Low efficiency of AI application: RTX 3080 vs GTX 1060

I am seeking an advice to solve my problems with RTX 3080. I am running an OpenPose demo app. (AI based human pose detection kit) on Ubuntu 18.04.5 LTS with the latest driver 455.23.04, CUDA V11.1.105, cudNN 8.0.5 and getting very low FPS (~8 FPS). For comparison, the same app running with the same OS but GTX 1060 managed to achieve similar FPS performance.

My question:

Could the inferior performance of RTX3080 be due to the linux drivers or else? Any clues or advice will be very much appreciated.

Hi @dradamPK,
Please allow us some time, we are checking on this.

Thanks!

Can you please point us to the code base of the app, or post the API log for a few iterations?

Thanks!

So do I. 01_body_from_image.py is ok, but 02_whole_body_from_image.py got a segment falut.

Hi, sorry I haven’t replied so far. This is the point to the application source code: GitHub - CMU-Perceptual-Computing-Lab/openpose: OpenPose: Real-time multi-person keypoint detection library for body, face, hands, and foot estimation

mayicome I have the same problem with 02_whole_body_from_image.py example.

In the meantime, I reinstalled Ubuntu with the latest nVidia driver 455.45.01 and CUDA 11.1. I saw that there is also a new CUDA 11.2 but I am not installing it because at the moment there is no cudNN for 11.2 yet.

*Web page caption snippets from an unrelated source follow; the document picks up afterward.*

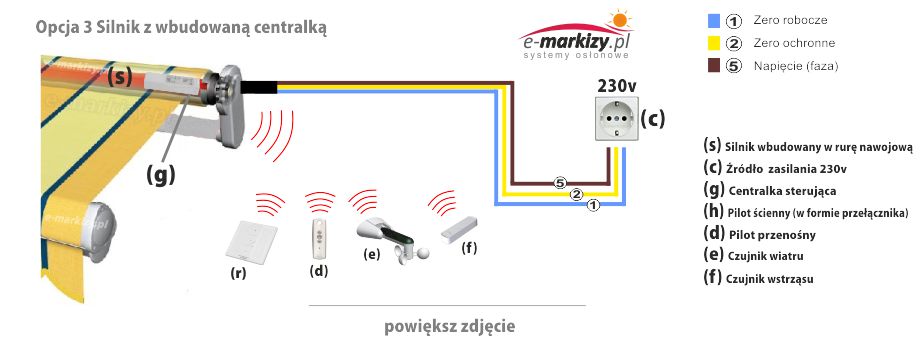 silnik do markizy selt, markizy sterowanie bezprzewodowe, markiza pilot bezprzewodowy, markizy silnik z centralką, markizy silnik radiowy, Silniki do markiz schamaty techniczne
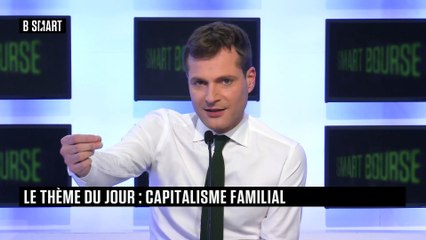 SMART BOURSE - Marchés à thème(s) du jeudi 10 décembre 2020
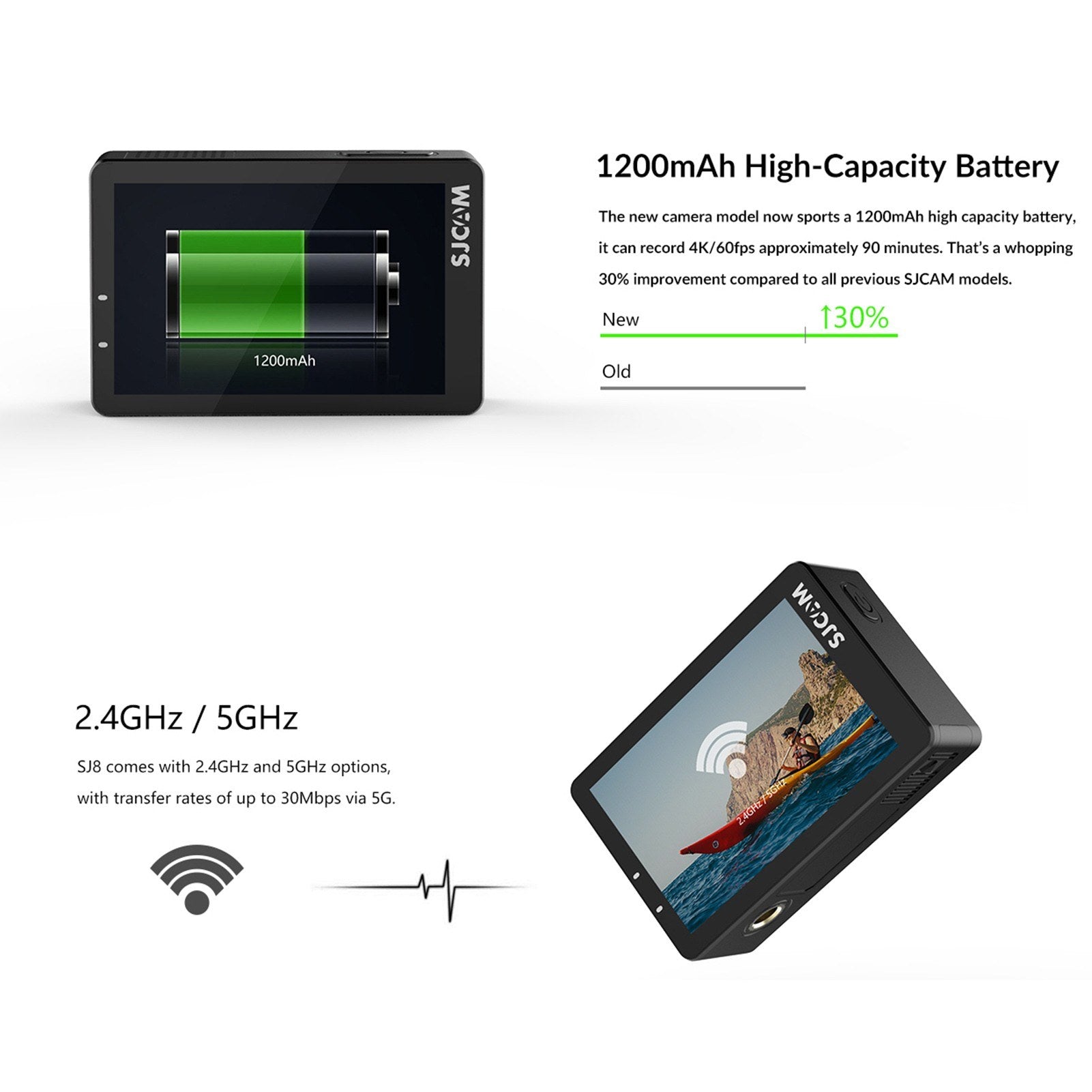 Fast 4K 60FPS 5G WiFi Action Cam - EIS Anti-Shake, 2.33" Touch, 170° Wide, 8X Zoom, Waterproof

Connecting the GPU directly to the motherboard PCI-E allows me to achieve 10 FPS. Previously, I only had to use it with a riser - then I got 8 FPS. To reduce GPU consumption, I run Ubuntu in text mode and connect it through a VNC server.

Unfortunately, the performance of the RTX3080 is still 10 FPS. It’s very strange that the same computer and the same installation (just a different hard drive) with GTX 1060 also gives 10 FPS. But the biggest question is that the GTX 1060 with CUDA 10.2 gives 12fps !? Is there any problem with CUDA 11.1 for AI applications?